What I think was the most challenging aspect of the challenge was actually the plating. The whimsical vessels at the chefs’ disposal all had five-to-seven smaller sub-vessels. This is out of the ordinary (unless you work at Qsine or another restaurant where such vessels are used), which means not only that the chefs had to account for the vessels in conceptualizing their dishes, but also that that they had to put extra thought into what they were doing when plating everything. Hence the difficulty you saw Brooke having as the clock wound down Had I been making a dish in this challenge, I probably would have braised a piece of pork with clams together, which would have been in the biggest vessel, and then I would have put cold garnishes around it that I had prepped in advance (as Sheldon did with his kimchi -- smart!).
Sheldon’s kimchi, by the way, was really, really good, as was his beef. The good parts of his dish soared, which helped outweigh his poorer tempura, whereas Stefan’s whole dish was poor.
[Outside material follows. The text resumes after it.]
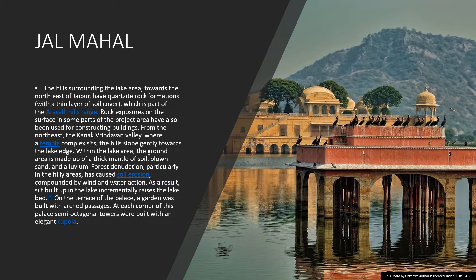The hills surrounding the lake area towards the northeast of Jaipur have quartzite rock formations with a thin layer of soil cover, which is part of the Aravalli hills range. Rock exposures on the surface have also been used for constructing buildings. From the northeast, the Talkatora Vrindavan Valley, where a temple complex sits, the hills slope gently towards the lake edge. Within the lake area, the ground is made up of a thick mantle of soil, blown sand and alluvium. Forest denudation, particularly in the hill areas, has caused soil erosion compounded by wind and water action, causing silt to build up incrementally and raise the lake bed. On the terrace of the palace, a garden was built with arch passages, and at each corner semi-octagonal towers were built with an elegant cupola.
Though Lizzie’s dish fell apart because of the cabbage, and she left the ribs in, her flavors were all good, and hers was an interesting dish, so she, too, still beat out Stefan. Brooke’s dish was terrific, despite the papadum. And Josh was lucky that he was able to salvage his dish. The pasta he was trying to make can -- and has -- been done successfully, albeit using techniques Josh didn’t use in this challenge. One way to do it would have been to use “meat glue”: You thinly cut all the scallops, lay them out on a piece of plastic wrap, glue them together, roll them in plastic wrap, and thinly slice them lengthwise into “pasta.” Another way would be to create a puree using agar agar (a gelatin substitute produced from a form of seaweed) instead of gelatin, so that it would set up like gelatin but wouldn’t melt with heat. You could then fashion the “pasta” from that. Ferran Adrià did this a decade ago, to the amazement of all, who wondered how his “pasta” didn’t melt. But Josh didn’t do either of those, and he’s very, very lucky that he found a way to turn what would have been a disaster into something he was able to work with.